(Marcos 4, 35-40) Las peores guerras no son las que uno libra con los de fuera, sino con los de dentro. Que quienes se oponen a ti te la jueguen, no sorprende; siempre duele, pero no sorprende. Pero cuando son los tuyos, los que considerabas tus amigos los que te etiquetan superficialmente, los que te condenan sin preguntarte, los que te juzgan sin estar presente… La rabia y la impotencia, a partes iguales, se apoderan de uno.
No digo nada que no hayas experimentado alguna vez, ¿verdad? Pero nos equivocamos si consideramos que los otros son el más peligroso y destructivo huracán. El peor huracán viene de ti mismo. De considerar que tú sí puedes etiquetar, juzgar o condenar superficialmente a los demás; pero que tú, como persona, eres especial. El peor huracán sobreviene cuando ponemos nuestra confianza en la bondad que poseemos. Porque será puesta en duda, y con parte de razón, por muchos. O en poner nuestra confianza en la bondad de quien nos acompaña. Porque tarde o temprano –cuando menos nos esperamos—nos sorprenderá con lo que consideramos traición.

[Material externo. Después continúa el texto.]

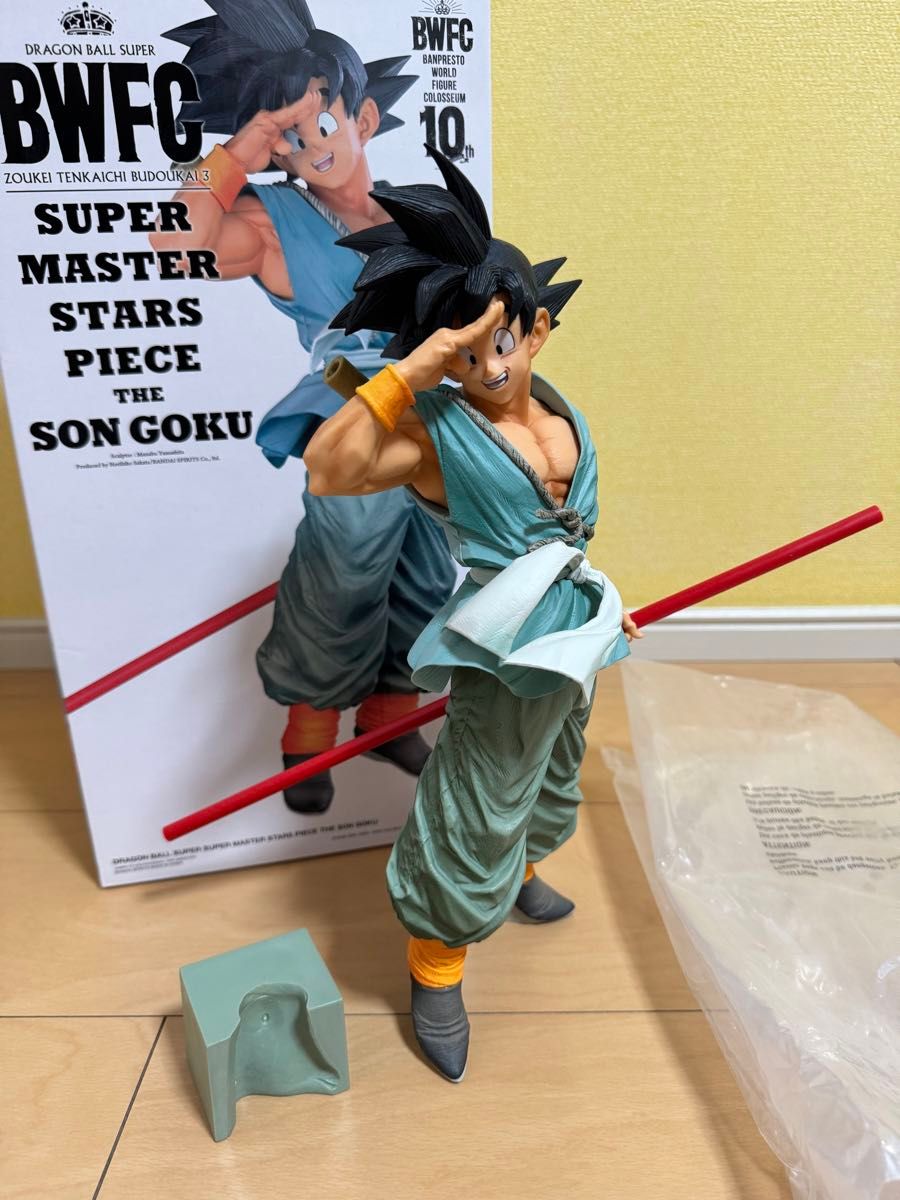 smsp 海外正規品 バイバイ悟空 ドラゴンボール フィギュア 一番 smsp 海外正規品 バイバイ悟空 ドラゴンボール フィギュア 一番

Cuando los vientos de la desilusión o de la rabia te remuevan de la serenidad acostumbrada acude a quien cerró el mar con una puerta cuando salía del seno materno, a quien les puso a las olas un límite y le dijo: “hasta aquí llegarás y no pasarás”. Acude al que es la fuente de la bondad y la verdad de toda la vida. Mírate con sus ojos; mira a los demás con su misma mirada. Verás pobres criaturas que se debaten buscando vida plena. Confundiéndola con poderes o con placeres, con reconocimientos o con pequeños triunfos.
Si no es en Ti, Señor, ¿dónde encontraremos firmeza?